Please set down, unchanged, the line containing "4 AC Outlets" and all the lines that follow it until the data below ends.

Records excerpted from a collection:
┌────────
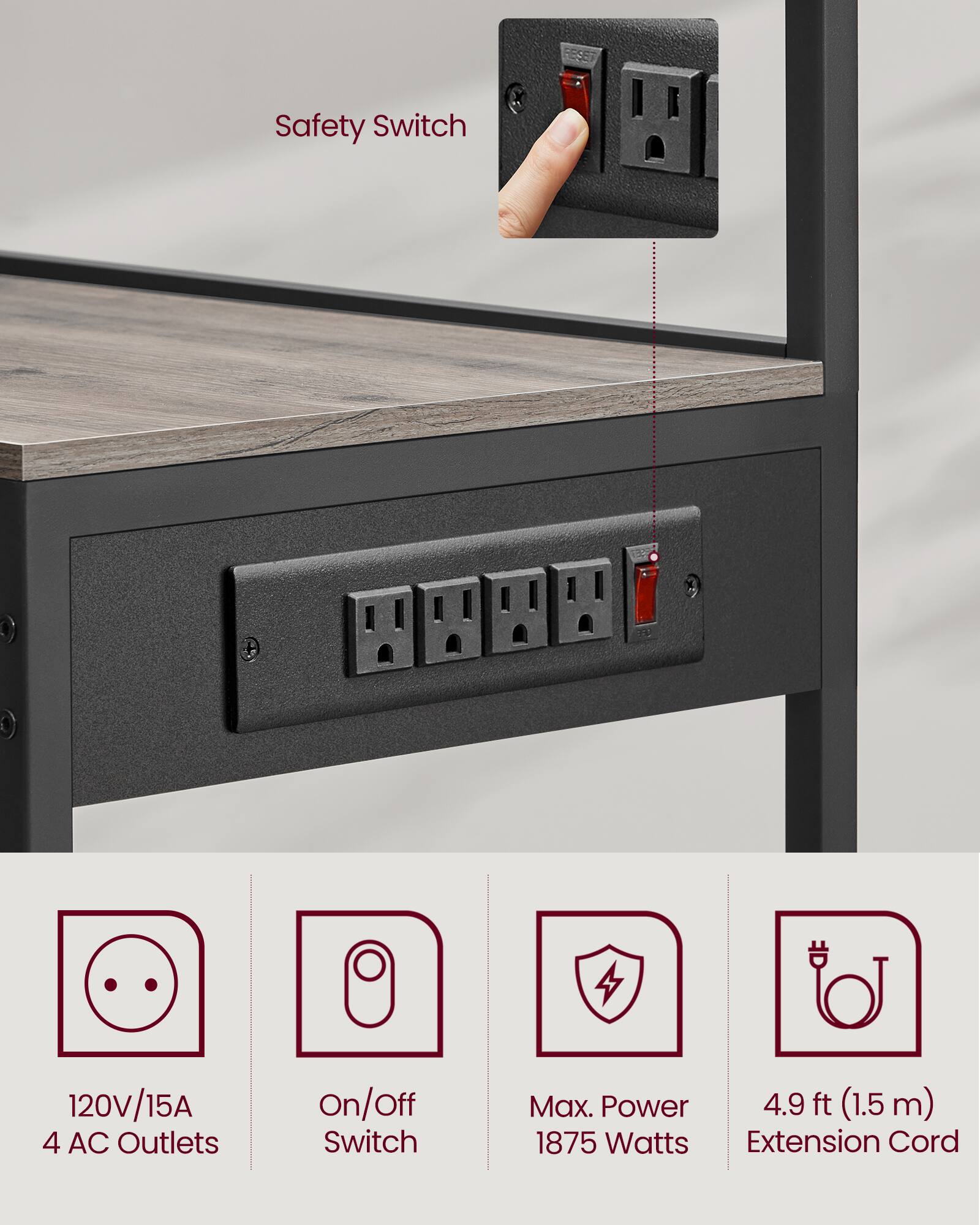 Safety Switch  
120V/15A  
4 AC Outlets  
On/Off Switch  
Max. Power 1875 Watts  
4.9 ft (1.5 m) Extension Cord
└────────
Answer to the problem:
4 AC Outlets  
On/Off Switch  
Max. Power 1875 Watts  
4.9 ft (1.5 m) Extension Cord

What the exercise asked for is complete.